Dass der Film ein Kind seiner Zeit ist, merkt man auch an den zum Teil überaus brutalen Szenen, durch die der Film damals eine FSK-16-Bewertung erhalten hat. Aber sind es nicht gerade die harten Kämpfe, bei denen Indy stets den Kürzeren zu ziehen scheint, bevor er mit Einfallsreichtum, aber auch mit großer Härte, sogar Grausamkeit seine Gegner besiegt, die die Herzen der männlichen, jugendlichen Zuschauer gewonnen haben? Erinnert sei nur an die Szene mit dem Schwertkämpfer, den Indy kaltblütig und sogar verächtlich niederschießt, damals ein Lacher und entstanden, weil das Budget für einen veritablen Schwertkampf fehlte, in der Retrospektive nicht unproblematisch in der Darstellung. Heute würde man sicherlich familientauglicher inszenieren und mehr auf Humor setzen.
Die Geschichte selbst ist erstaunlich dünn. Indy liefert sich den gesamten Film über ein Katz-und-Maus-Spiel mit Belloq und den Nazis, es ist ein Wettrennen um die Bundeslade, gefolgt von den Versuchen, sie sich gegenseitig abzujagen, und Indy scheint immer zu verlieren. Das bietet Gelegenheit für wilde Verfolgungsjagden zu Lande und zu Wasser, für spannende Kämpfe und aussichtslose Situationen, aus denen der Held sich befreien muss.

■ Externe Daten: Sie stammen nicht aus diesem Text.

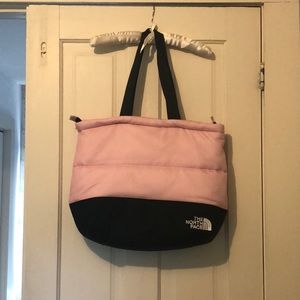 North Face Nuptse Tote Bag, pink/black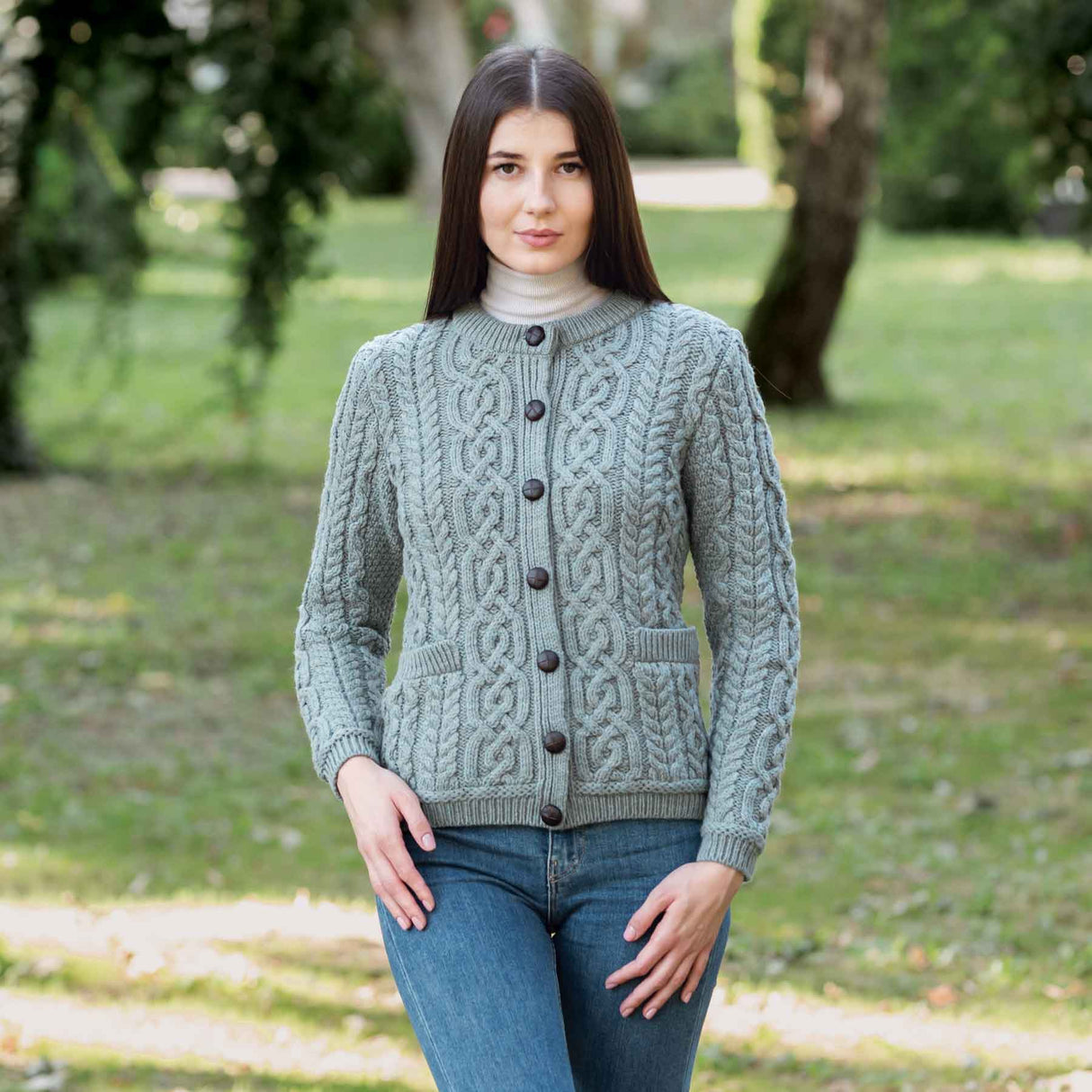 Women's Aran Knit Button Cardigan, Skylight - Creative Irish Gifts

Über all die Action werden die Figuren beinahe vergessen. Man erfährt beispielsweise nichts über Indiana Jones, das über einige oberflächliche oder anekdotische Informationen hinausgehen würde. Immerhin seine Schlangenphobie wird ausführlich behandelt, aber nur, wenn er mit ihr konfrontiert wird, was den Mann jedoch unter seinem Hut bewegt, bleibt sein Geheimnis. Indy ist insofern wie James Bond, ein starrer, unveränderlicher und unwandelbarer Charakter, wodurch dem Film auch nichts anderes übrig bleibt, als auf blanke Action zu setzen.
Es ist schade, dass der Film ausgerechnet mit den stärksten und amüsantesten Szenen beginnt und mit den schwächsten und langweiligsten endet. Vor allem das Finale, in dem Indy zu einer passiven Rolle verdammt ist und nichts zur Rettung der Welt beiträgt, ist ziemlich enttäuschend, fast schon ärgerlich. Dazu gibt es übrigens eine unterhaltsame Sequenz aus Big Bang Theorie. Es ist erstaunlich, dass den Machern hier nichts Besseres eingefallen ist, als sich komplett ins Reich des Fantastischen zu verabschieden.
Alles in allem trotz des Alters ein vergnüglicher, stellenweise etwas zu brutaler, aber durch und durch unterhaltsamer Abenteuerfilm.